In the course of its concise analysis, the Court reiterated several points of best practices in FOIA compliance and dispute resolution.  These are multistate principles that warrant review.

  • A FOIA should be construed liberally to accomplish the objective of transparency.
  • Inversely, FOIA exemptions should be construed narrowly to accomplish the objective of transparency.
  • As usual in litigation, questions of law and interpretation of a FOIA are subject to de novo appellate review.
  • A trial court should conduct in camera review of disputed records to determine the applicability of a statutory exemption from disclosure.

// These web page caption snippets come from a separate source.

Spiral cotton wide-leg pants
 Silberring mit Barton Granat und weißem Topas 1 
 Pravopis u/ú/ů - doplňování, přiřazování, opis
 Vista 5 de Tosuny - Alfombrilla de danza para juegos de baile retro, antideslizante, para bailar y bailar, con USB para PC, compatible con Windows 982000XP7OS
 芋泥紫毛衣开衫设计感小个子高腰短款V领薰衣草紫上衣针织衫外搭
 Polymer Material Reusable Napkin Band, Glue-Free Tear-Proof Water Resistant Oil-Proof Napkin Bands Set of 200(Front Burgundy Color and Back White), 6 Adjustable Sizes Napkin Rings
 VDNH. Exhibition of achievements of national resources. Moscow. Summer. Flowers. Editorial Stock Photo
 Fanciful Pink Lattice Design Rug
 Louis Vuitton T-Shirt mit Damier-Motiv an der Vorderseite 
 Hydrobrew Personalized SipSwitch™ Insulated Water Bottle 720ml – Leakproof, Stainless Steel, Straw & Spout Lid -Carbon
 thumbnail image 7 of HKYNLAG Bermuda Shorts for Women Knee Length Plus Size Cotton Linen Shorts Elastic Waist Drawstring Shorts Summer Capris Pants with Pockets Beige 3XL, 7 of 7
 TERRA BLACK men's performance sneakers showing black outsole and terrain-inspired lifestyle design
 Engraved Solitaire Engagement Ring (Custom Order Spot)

The Arkansas Supreme Court stated moreover another solid practice point that had been lacking in state precedent:  Also as usual in litigation, questions of fact in a FOIA analysis are subject to the more deferential appellate standard of review, clear error.  As the Court observed, application of an ongoing investigation exemption is especially prone to generate a question of fact, as a qualitative, if not quantitative, assessment of purported police investigative activity is part and parcel of the analysis.  In the Stapleton FOIA case, the Court applied the clear error standard to defer to the circuit court’s assessment of the 1965-2014 police file.

As the Arkansas Court wrote, “A finding is clearly erroneous when the appellate court is left with a definite and firm conviction that a mistake has been committed.”  Or as the Seventh Circuit famously wrote in 1988: “To be clearly erroneous, a decision must strike us as more than just maybe or probably wrong; it must, as one member of this court recently stated during oral argument, strike us as wrong with the force of a five-week-old, unrefrigerated dead fish.”  A finding that is not clearly erroneous should be left undisturbed.

Finally, full disclosure and point of privilege:  Justice Wood, who authored this case for the Arkansas Supreme Court, was a law student, and then later a dean, when I taught at the University of Arkansas at Little Rock Law School.  She has shined in her career as lawyer, academic, and judge, undoubtedly owing to her unyielding integrity, character, and intellect—and decidedly owing in no part to me.  Nevertheless, I assert pride by virtue of mere association.